> Exercise objective: The range to repeat runs from the line with "Shearwaters Apartment Ocean" to the last line below, both ends included; give it exactly and without pictures.

*** Block opens ***

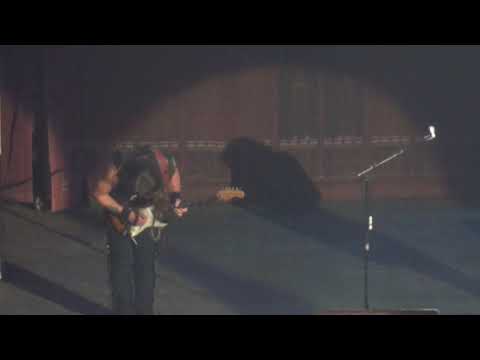 Iron Maiden - Hallowed Be Thy Name - 11.08.2018 - London, England - O2 - HD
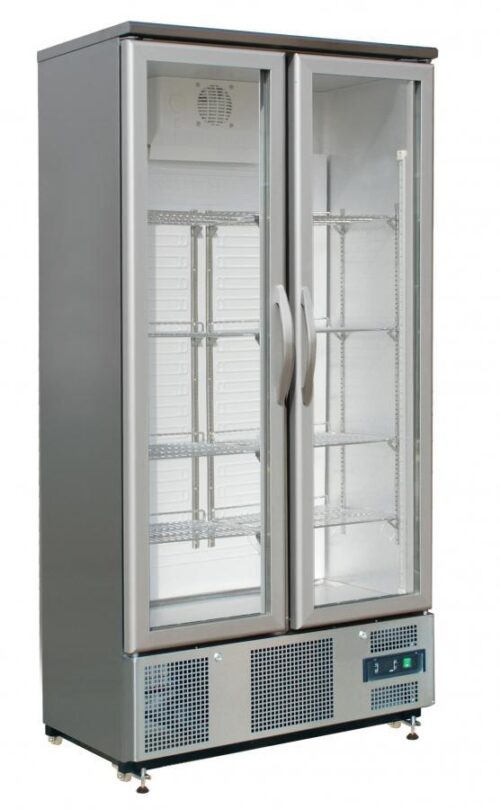 56fe8cd28cb3d_500gss Show-case, static refrigeration SC 500GSS(+2 / +8C)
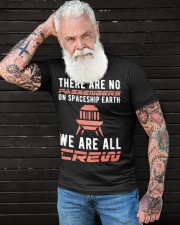 There-are-no-passengers-on-spaceship-earth-we-are-all-crew Premium Fit Mens Tee apparel-premium-fit-men-tee-lifestyle-front-85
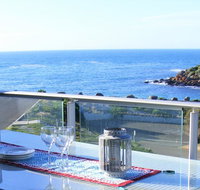 Shearwaters Apartment Ocean Views - Accommodation Rockhampton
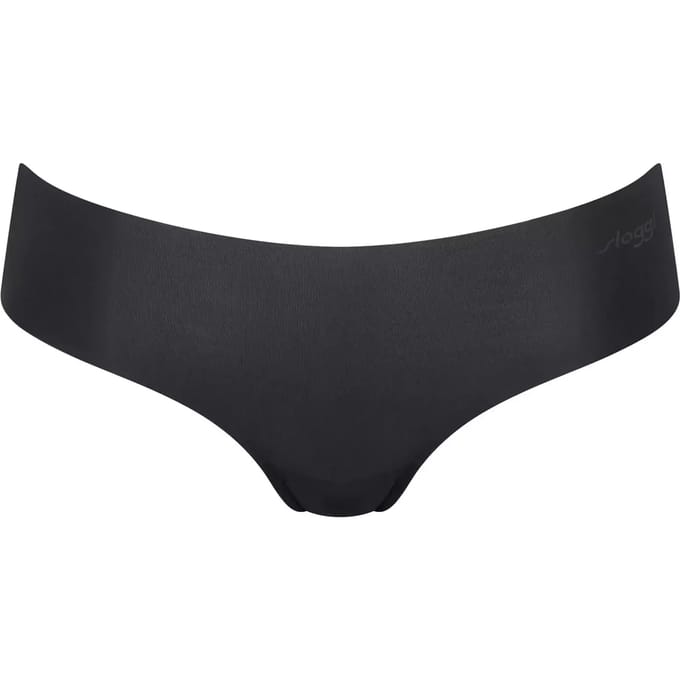Sloggi   Slips ZERO Microfibre 2.0 Hipster PACK DE 2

*** Block closes ***

> Answer box:
 Shearwaters Apartment Ocean Views - Accommodation Rockhampton
Sloggi   Slips ZERO Microfibre 2.0 Hipster PACK DE 2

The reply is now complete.